Although closed-ended mutual funds have a fixed maturity period, the units are listed on a stock exchange, which provides liquidity to the investors. Investors can buy or sell the units on the exchange, which provides an exit route in case they need to liquidate their investment.
Closed-ended mutual funds are listed on a stock exchange, and the price of the units is determined by the market demand and supply. Sometimes, the price of the units may trade at a discount to the net asset value (NAV) of the fund. This provides an opportunity for investors to buy the units at a discount and earn higher returns when the price of the units converges with the NAV.
One of the biggest disadvantages of closed-ended mutual funds is the lack of flexibility.
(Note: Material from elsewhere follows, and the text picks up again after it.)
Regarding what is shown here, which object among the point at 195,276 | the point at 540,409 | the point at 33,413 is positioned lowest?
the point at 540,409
Once the subscription period is over, the fund is closed for new investors, and the existing investors cannot redeem their units before the maturity period. This lack of flexibility can be a disadvantage for investors who may need to liquidate their investment in case of an emergency.
Closed-ended mutual funds are listed on a stock exchange, and the price of the units is determined by the market demand and supply. The price of the units can be volatile and can fluctuate based on market conditions. This exposes the investors to market risk, and they may lose money if the market conditions are unfavorable.
Since closed-ended mutual funds have a fixed maturity period, their track record is limited compared to open-ended mutual funds. This makes it difficult for investors to evaluate the performance of the fund and make an informed investment decision.
Closed-ended mutual funds have their advantages and disadvantages, and investors should evaluate them based on their investment goals and risk appetite. Closed-ended mutual funds are suitable for investors who are looking for a lower expense ratio, better portfolio management, and liquidity. However, they may not be suitable for investors who need flexibility and are risk-averse. As with any investment, investors should do their due diligence and consult with a financial advisor before investing in closed-ended mutual funds.